**EXERCISE BRIEF**
In the listing below, pick out lines with "House".

**EXERCISE INPUTS**

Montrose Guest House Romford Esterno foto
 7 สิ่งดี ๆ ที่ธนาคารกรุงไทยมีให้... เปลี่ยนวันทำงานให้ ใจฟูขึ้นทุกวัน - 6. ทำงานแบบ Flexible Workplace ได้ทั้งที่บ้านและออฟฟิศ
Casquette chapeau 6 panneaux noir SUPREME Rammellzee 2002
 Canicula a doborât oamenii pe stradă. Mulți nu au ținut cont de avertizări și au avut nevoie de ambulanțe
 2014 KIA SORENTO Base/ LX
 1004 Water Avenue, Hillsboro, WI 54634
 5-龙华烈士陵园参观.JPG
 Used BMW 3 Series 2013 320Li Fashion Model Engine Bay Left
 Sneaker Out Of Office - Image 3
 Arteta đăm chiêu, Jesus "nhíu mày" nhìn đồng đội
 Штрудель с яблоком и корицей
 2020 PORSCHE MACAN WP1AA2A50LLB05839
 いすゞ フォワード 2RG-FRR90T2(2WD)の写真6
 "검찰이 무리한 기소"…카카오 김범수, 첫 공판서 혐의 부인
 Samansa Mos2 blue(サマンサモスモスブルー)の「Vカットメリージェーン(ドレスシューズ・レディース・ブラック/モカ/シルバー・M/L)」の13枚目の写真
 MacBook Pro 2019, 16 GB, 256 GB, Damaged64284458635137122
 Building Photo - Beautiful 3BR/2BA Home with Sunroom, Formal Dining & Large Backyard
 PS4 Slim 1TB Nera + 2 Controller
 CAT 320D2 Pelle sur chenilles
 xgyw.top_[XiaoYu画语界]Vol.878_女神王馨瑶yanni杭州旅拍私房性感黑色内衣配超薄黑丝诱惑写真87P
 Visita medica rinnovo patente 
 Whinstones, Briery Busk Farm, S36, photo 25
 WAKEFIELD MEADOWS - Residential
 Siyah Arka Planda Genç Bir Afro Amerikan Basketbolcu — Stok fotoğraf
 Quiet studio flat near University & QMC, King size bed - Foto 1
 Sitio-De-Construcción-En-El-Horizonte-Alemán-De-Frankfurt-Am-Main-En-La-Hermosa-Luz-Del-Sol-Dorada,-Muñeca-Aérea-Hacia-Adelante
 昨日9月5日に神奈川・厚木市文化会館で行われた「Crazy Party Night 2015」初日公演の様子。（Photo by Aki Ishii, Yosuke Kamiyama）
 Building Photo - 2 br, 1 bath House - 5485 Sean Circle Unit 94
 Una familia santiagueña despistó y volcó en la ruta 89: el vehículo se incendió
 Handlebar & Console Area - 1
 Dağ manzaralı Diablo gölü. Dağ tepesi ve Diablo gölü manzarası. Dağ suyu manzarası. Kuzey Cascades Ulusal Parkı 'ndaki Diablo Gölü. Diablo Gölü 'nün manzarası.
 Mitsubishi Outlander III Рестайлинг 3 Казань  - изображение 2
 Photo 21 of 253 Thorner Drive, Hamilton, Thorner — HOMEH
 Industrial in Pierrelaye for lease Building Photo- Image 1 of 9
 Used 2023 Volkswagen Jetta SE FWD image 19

**TASK OUTPUT**
Montrose Guest House Romford Esterno foto
 Building Photo - 2 br, 1 bath House - 5485 Sean Circle Unit 94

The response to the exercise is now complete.